Danielle Paffard on the first day of the two week Heathrow 13 trial

INTERVIEW: As one of the Heathrow 13, Danielle Paffard had been expecting to spend her birthday yesterday behind bars. Thankfully, she found out on Wednesday that she and her fellow campaigners had been spared jail as a result of their high-profile protest against the London airport’s expansion.

‘I was all set to go to prison,’ Paffard tells the Justice Gap. ‘Finding out what you can and can’t take to prison is incredibly difficult. No blue and black clothes, apparently.’ On Wednesday morning she packed a bag, grabbed a book (‘An officer and a spy’), and headed off for Willesden Magistrates’ Court not knowing whether she be coming home or not. Fortunately Paffard – a veteran of numerous high profile actions – celebrated her 29th birthday a free woman.

‘Prison was something we were all prepared to do for the cause. Lots of our role models have done time for what they believe in,’ she says; before quickly adding that it was ‘a huge relief’ to find out they weren’t going to prison. As she puts it: ‘I could take my brave face off.’

The mark of a civilized community
The seven women and six men had been found guilty earlier in the year of aggravated trespass and warned by district judge Deborah Wright to expect a custodial sentence. This week Wright acknowledged the ‘integrity’ and ‘commitment’ of the campaigners and noted that they had acted ‘in what they genuinely believed was in the best interests of the public and society as a whole.’

The judge quoted a judgment of Lord Hoffman:

‘Civil disobedience on conscientious grounds has a long and honourable history in this country. …. It is the mark of a civilized community that it can accommodate protests and demonstrations of this kind.’

The protestors might have been ‘principled people’ Wright went on to say, but she added: ‘The fact that you are principled and have strong views about public interest doesn’t mean you can break the law.’

A sentence of 13 weeks was cut by over half, and suspended for 12 months, on account of the group’s good character and because safety measures had been taken.

Plane Stupid activists after a court hearing at Willesden magistrates court

Plane Stupid activists after a court hearing at Willesden magistrates court


 

Sir Howards Davies, chair of the Airport Commission, published his report recommending a third runway for Heathrow on July 1 2015. Less than two weeks later, Heathrow police were alerted to suspicious activity around the airport’s perimeter fence at 3.45am. They arrived to discover discarded bolt cutters near a hole in the fence.

The protestors, who had themselves alerted the police, quickly built a tripod out of scaffolding poles and one of their number, Cameron Kaye, donned a white jump suit and, dressed as a polar bear, perched on top.

Plane Stupid Heathrow 13 Action - 23Why? ‘The idea was to stop planes and highlight the fact that a third runway was absolutely preposterous if you look at it in terms of the climate impact,’ replies Danielle Paffard, who as well as being a Plane Stupid activist is divestment officer at the climate campaign group 350.org.

Paffard claims a new runaway would ‘fundamentally undermine every policy that the government has made to take action on climate change’ and ‘makes a mockery’ of the 2015 Paris climate agreement.

‘The third runaway makes it impossible to meet the government’s own legally binding climate targets.

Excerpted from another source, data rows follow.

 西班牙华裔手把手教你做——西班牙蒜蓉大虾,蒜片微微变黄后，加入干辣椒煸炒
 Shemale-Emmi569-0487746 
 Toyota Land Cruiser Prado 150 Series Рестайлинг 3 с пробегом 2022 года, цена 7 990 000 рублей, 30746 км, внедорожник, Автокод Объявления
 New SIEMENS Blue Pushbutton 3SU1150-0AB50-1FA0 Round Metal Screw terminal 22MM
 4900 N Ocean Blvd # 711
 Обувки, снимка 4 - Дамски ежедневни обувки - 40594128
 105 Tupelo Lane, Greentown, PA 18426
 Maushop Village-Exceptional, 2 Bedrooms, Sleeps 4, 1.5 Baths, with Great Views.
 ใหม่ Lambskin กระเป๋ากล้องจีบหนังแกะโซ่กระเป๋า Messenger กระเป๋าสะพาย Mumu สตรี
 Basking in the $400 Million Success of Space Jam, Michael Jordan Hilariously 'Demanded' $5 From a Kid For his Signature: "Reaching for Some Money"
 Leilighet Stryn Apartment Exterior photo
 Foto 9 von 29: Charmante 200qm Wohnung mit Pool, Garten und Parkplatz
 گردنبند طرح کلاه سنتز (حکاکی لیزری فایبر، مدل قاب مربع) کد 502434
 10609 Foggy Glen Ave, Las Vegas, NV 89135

This protest was about highlighting the climate impact of a runway that produces the same amount of emissions as the whole of Kenya.’
Danielle Paffard

Binge-fliers
On the day of the protest 25 of the 1,300 flights due to take off and land at Heathrow had to be cancelled.

What does she say to those families who had saved up all year for their fortnight in the sun? ‘We unreservedly apologise to those who were disrupted on the day with good reasons to travel,’ she answers.

But Paffard reckons that airport expansion is nothing to do with ‘normal people taking their annual holiday’. ‘We are seeing an expansion as a result of wealthy minority who binge-fly,’ she says. ‘It’s 15% of people who take 70% of all of the flights in the UK. The majority of the British public did not fly at all last year.’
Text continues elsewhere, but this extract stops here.